When bias in AI feels uncomfortably familiar

AI systems are often described as objective or neutral, yet they are trained in data shaped by human history, something that is far from neutral. When training data reflects existing gender imbalances, AI systems can replicate and even magnify those patterns. This has led to technologies that perform less accurately for women, fail to capture women’s health needs, or disadvantage women in recruitment and evaluation processes.

For many women, these outcomes feel uncomfortably familiar. They echo everyday experiences of being overlooked, misunderstood, or underrepresented. In most cases, this is not the result of deliberate exclusion. It is the consequence of design choices made without diverse perspectives at the table.

Why representation goes beyond numbers

Representation in AI and data science is often discussed in terms of statistics or diversity targets. But at its core, representation is about perspective. When women are involved in developing AI systems, they help shape how problems are defined, what data are considered relevant, and which risks are taken seriously.

From an academic perspective, diverse teams produce more robust research and better-tested models. From a human perspective, they help ensure that AI systems work for the full range of people they are meant to serve. Inclusion improves both technical quality and social impact, it strengthens the science and the society it serves.

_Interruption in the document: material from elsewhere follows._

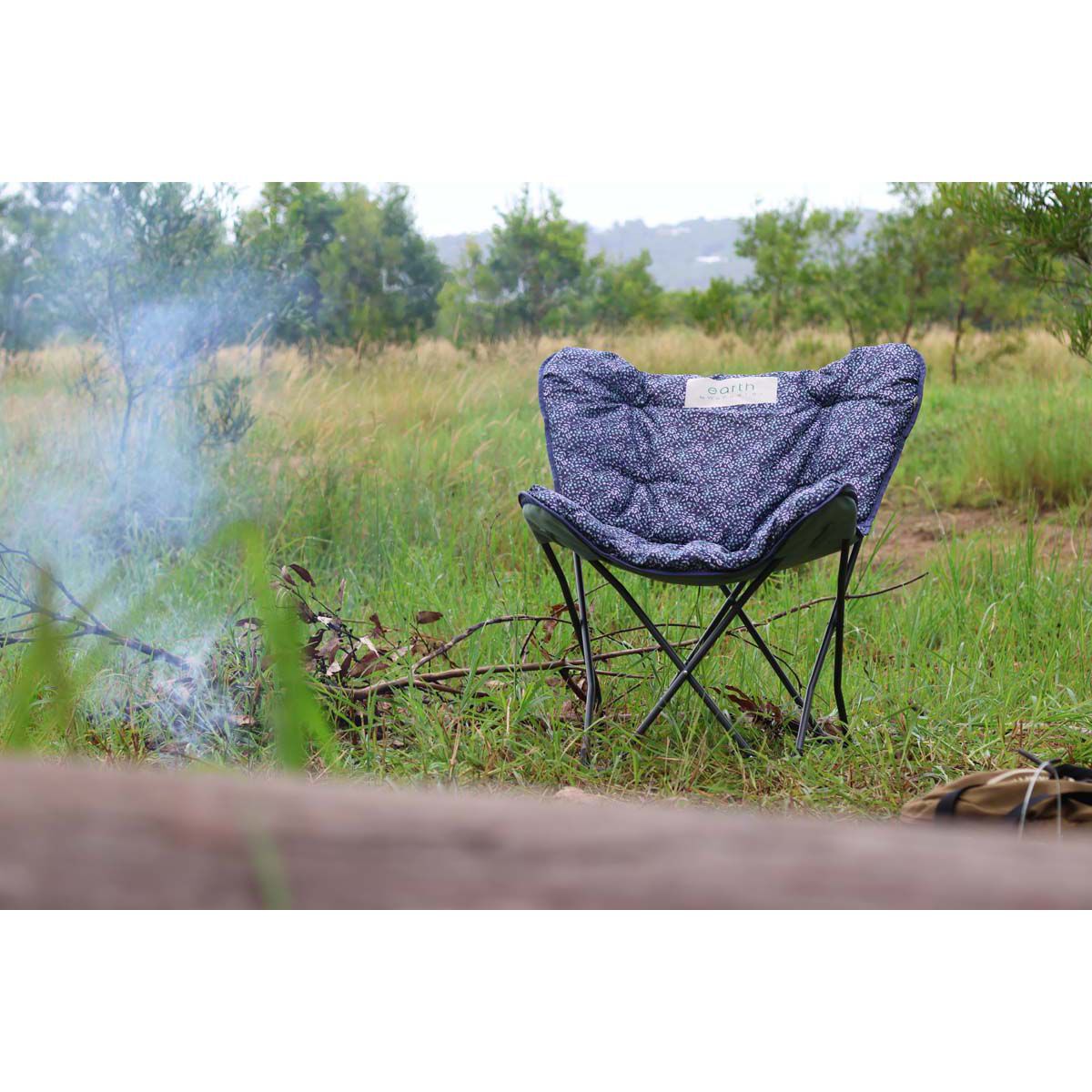 earth by Wanderer&reg; REPREVE&reg; Recycled Fabric Half Moon Chair 120kg, , bcf_hi-res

Women and the future of ethical AI

Many women working in AI are already at the forefront of discussions around fairness, transparency, explainability, and responsible data use. These are not peripheral concerns; they are central to building trustworthy AI. Ethical AI requires asking difficult questions: Who might be harmed when a system fails? Whose data is missing? Who is affected by design decisions that seem minor on the surface?

By advocating for human-centered approaches, women in AI are helping shift the field beyond purely performance-driven metrics toward systems that balance innovation with responsibility.

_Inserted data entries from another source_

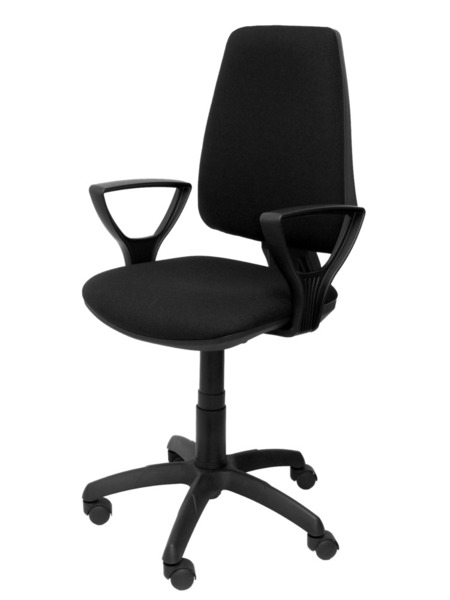 Silla de oficina Elche CP bali negro brazos fijos (3)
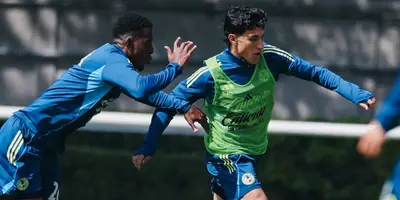 Jugadores entrenando. Foto: Club América.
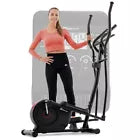 Sport Crosstrainer, Stepper LCD-Display &amp; Pulsmessung 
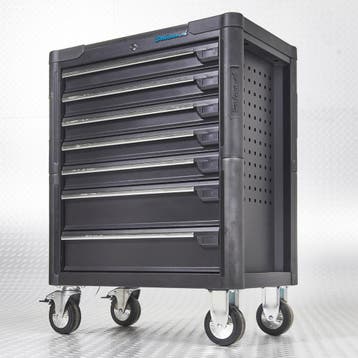 Datona Gereedschapswagen tech-line 80 cm - Datona - Zwart, Ophalen of Verzenden, Nieuw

Education, encouragement, and visibility matter

At Heriot-Watt University Dubai, we make a deliberate effort to encourage women to pursue data science, not just as a degree, but as a long-term career. This means creating supportive learning environments, highlighting female role models, and openly discussing the wide range of paths that data science can lead to. Students need to see that success in AI does not follow a single template.

Equally important are spaces where women can connect, share experiences, and feel supported. As an ambassador for Women in Data Science, I have seen how such events play a vital role. They create visibility, build confidence, and remind women that they are not alone. We need more of these initiatives, not as one-off celebrations, but as sustained platforms for mentorship, networking, and growth.

Encouraging women in AI is not about lowering standards or meeting quotas. It is about recognizing that inclusive participation leads to better research, more ethical technologies, and systems that genuinely reflect the societies they shape.

Conclusion

As AI and data science continue to influence our world, we must ask not only what these systems do, but who designs them. Supporting women to study data science, pursue AI careers, and step into leadership roles is essential to building technologies that are fair, responsible, and trustworthy. Through education, visibility, and initiatives, we can help ensure that the future of AI is shaped by many voices.

The future of AI should be one where women do not simply use technology but actively shape it.